HATE is a test harness, a program that is intended to take the tedium out of testing and evaluating programs.
Some effort has been taken to ensure that HATE is totally independent of both the program being tested and the series of tests to be applied to the test program. The intention is to provide a single tool that may be used for both testing and evaluation; to encourage well-designed objective testing; and, by allowing researchers to apply the same sets of tests to their own programs, to make it easy for researchers to compare techniques on an informed basis.

The major features of HATE are:
    * HATE is written in a high-level scripting language and may be used unchanged on any platform that the language supports. This includes all flavours of Unix; Linux; Windows NT, 95, 3. n ; and the Macintosh.
    * Test scripts may be used unchanged on all platforms.
    * Test scripts are independent of the software being tested or evaluated.
    * Programs are interfaced to HATE by means of a short interface procedure ; thereafter, all relevant existing test scripts may be used with them.
    * The decomposition into test script and interface procedure, and the portablity of HATE, encourage the sharing of scripts between developers or researchers.
    * HATE is able to generate its output in a range of forms, including HTML and LaTeX tables.
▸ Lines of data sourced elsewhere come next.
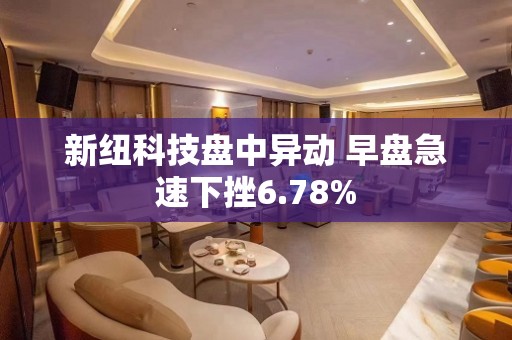 新纽科技盘中异动 早盘急速下挫6.78%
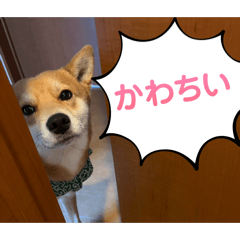 akira_20260206180359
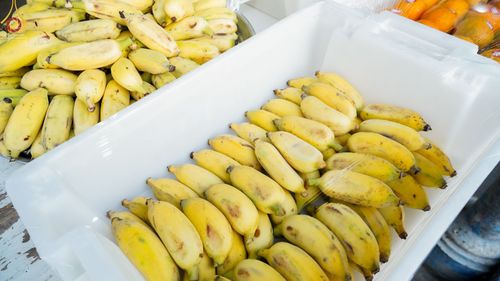 ภาพ No.72209:พิธีถวายภัตตาหารเป็นสังฆทาน แด่คณะพระธรรมยาตราฯ ในโครงการธรรมยาตรากตัญญูบูชา มหาปูชนียาจารย์ พระมงคลเทพมุนี(สด จนฺทสโร) พระผู้ปราบมาร อนุสรณ์สถาน 7 แห่ง ปีที่ 11 วันที่ 18 มกราคม พ.ศ. 2566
HATE was developed principally to aid the evaluation of computer vision algorithms . There is increasing realization within the vision research community that this type of work is essential in converting computer vision from a "black art", with algorithms being tested on only a few images, to sound engineering practice. It is hoped that the vision community will develop test scripts that allow comprehensive comparisons of existing algorithms to be performed, and that new algorithms are subsequently compared with the existing body of results.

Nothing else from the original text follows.